In 2007 she graduated in Pharmaceutical Chemistry at the University of Sassari. They started their adventure in nanobiotechnology with an internship at University of L’Aquila (2008). From 2010 to 2012. She was post-graduate Research Assistant, in the Laboratory of Materials Science and Nanotechnologies led by Prof. P. Innocenzi working with nanomaterials with antioxidant property for biological applications. In 2016 they obtained a PhD in nanochemistry, nanomaterials and functional materials at University of Sassari under the supervision of Prof. L. Malfatti. In 2016 they were awarded a Marie Skłodowska Curie individual fellowship, with a project focused on Inorganic therapeutic nanoparticles for osteoporosis under the supervision of Prof. J.Jones (2016-2018). From 2018 to 2019 they were a postdoc at Imperial college working on fluorescent probes with exceptional brightness for early diagnosis of breast cancer under the supervision of Dr. Fang Xie.
During this time, they were also part of exchange projects at the University Hospital of Zurich, working on neurodegeneration in Bovine Spongiform Encephalopathy, and at CSIRO in Melbourne developing skills working on composite materials based on Metal Organic Frameworks and cerium oxide.
They have been a visiting researcher at University of Sassari.
Other webinars in the Molecular Level Understanding is Crucial for Targeted Drug Delivery in the Brain series
- 30 November 16.00 Biomechanical and biochemical aspects of infusion-based targeted drug delivery in brain Dr. Asad Jamal (Department of Mechanical Engineering)
- 14 December 14.00 Nanoparticles for treatment of Tuberculous Meningitis Professor. Alexandra Porter (Department of Materials) and Dr. Alessandra Pinna (Department of Materials)
- 18 January 16.00 Antibody Discovery vs Neurodegeneration Dr Francesco Antonio Aprile (Department of Chemistry)
- 25 January 16.00 Noninvasive drug delivery to the brain using short pulses of ultrasound Dr. James Choi (Department of Bioengineering)
- 1 February 16.00 Development of the bacteria viruses, bacteriophage, into a delivery technology for therapeutic nucleic acids against cancer and other human diseases Professor Amin Hajitou (Department of Brain Sciences)

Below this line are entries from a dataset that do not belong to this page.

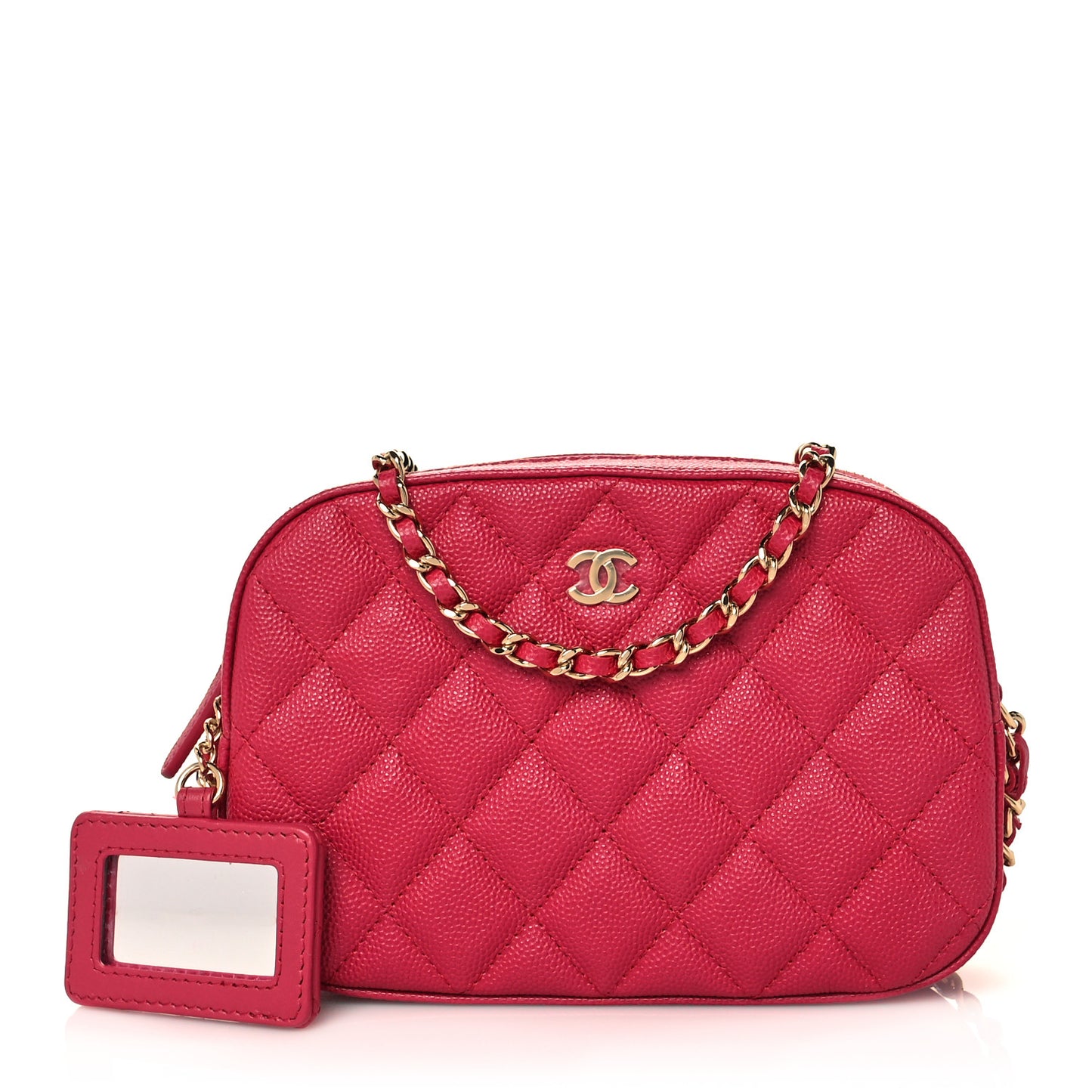 Caviar Quilted Camera Case Dark Pink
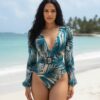 Flora Tropical Long-Sleeve Swimsuit – Tropical Print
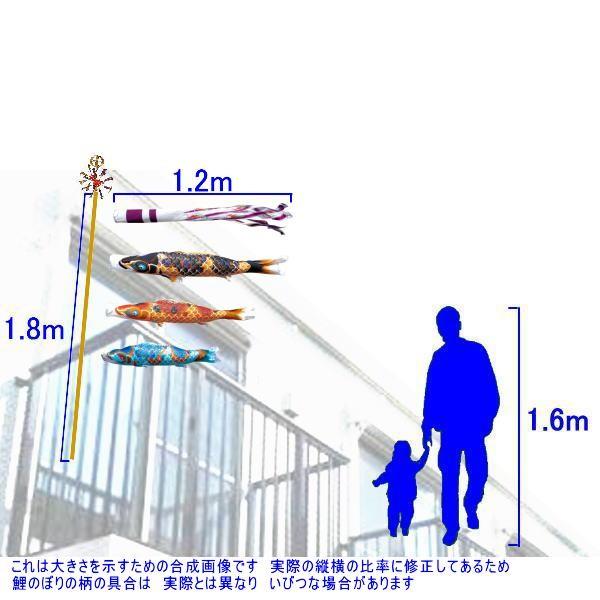 鯉のぼり 徳永鯉 120072 ロイヤルセット ちりめん京錦 1.2m3匹 紫鳳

- 8 February 16.00 Professor. Daniele Dini (Department of Mechanical Engineering) and Professor. Ferdinando Rodrigues y Baena (Department of Mechanical Engineering)
The Institute for Molecular Science and Engineering (IMSE) is one of Imperial College London’s Global Institutes, drawing on the strength of its four faculties to address some of the grand challenges facing the world today. The Institute’s activities are focused on tackling problems where molecular innovation plays an important role.